The part geometries presented an additional challenge when creating devices to hold the parts during finishing. Aaron adds, “There are almost no perfectly flat or round surfaces on an airplane, which makes them difficult to grip. But we used the CAD models of the quickly designed and 3D printed custom plastic parts and fixtures (on a separate FDM printer) that were properly squared or rounded so that we could grab them with our finishing tools.

The partial finish of the machine was tested with a profilometer, recording around 250Ra on average.

“If the customer wanted to upgrade to 125Ra, it would only take a few minutes with a vapor barrier to get there,” says Aaron.

The finished parts have been heat treated and / or hot isostatic press (HIP) to improve fatigue resistance. “Supersonic flight introduces a number of different phenomena and stresses that you don’t typically see with conventional air travel,” notes Gene.

“The main applied forces are usually not pressure loads resulting from breaking the sound barrier,” adds Byron. “In many cases, this is an induced stress caused by the overall structure of the aircraft flexing around your part.

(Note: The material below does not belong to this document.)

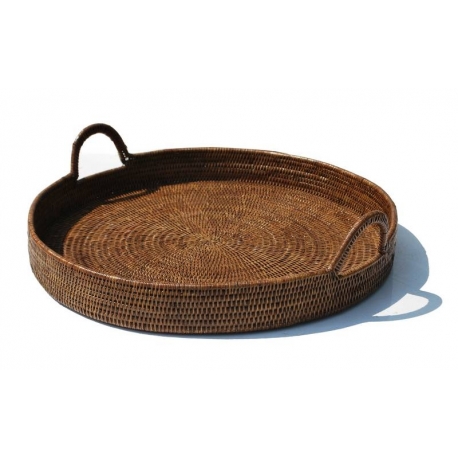 Round Tray with Curved Handle Large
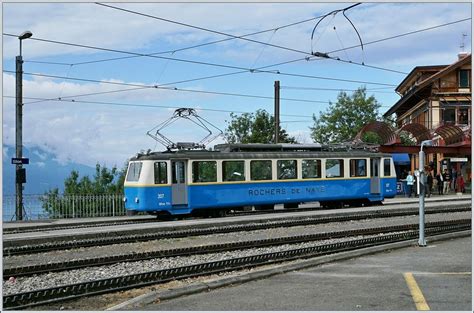 The Rochers de Naye Bhe 2/4 207 in Glion. 16.09.2017 - Rail-pictures.com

Parts with different coefficients of thermal expansion mounted to each other can produce significant stresses. Designing these 3D printed parts to be very thin and flexible can actually alleviate some of these issues. ”

Try, learn and repeat

The companies that have successfully produced the 3D printed parts for Boom Supersonic’s XB-1 supersonic demonstrator have learned a lot from their collaboration. The Boom team found that AM was more complex than they imagined, but it could also meet its original design intent. Duncan Machine Products significantly developed its expertise in 3D printing and eventually purchased a third Sapphire machine. “We get a lot of new business because of our additive manufacturing capabilities,” says Aaron.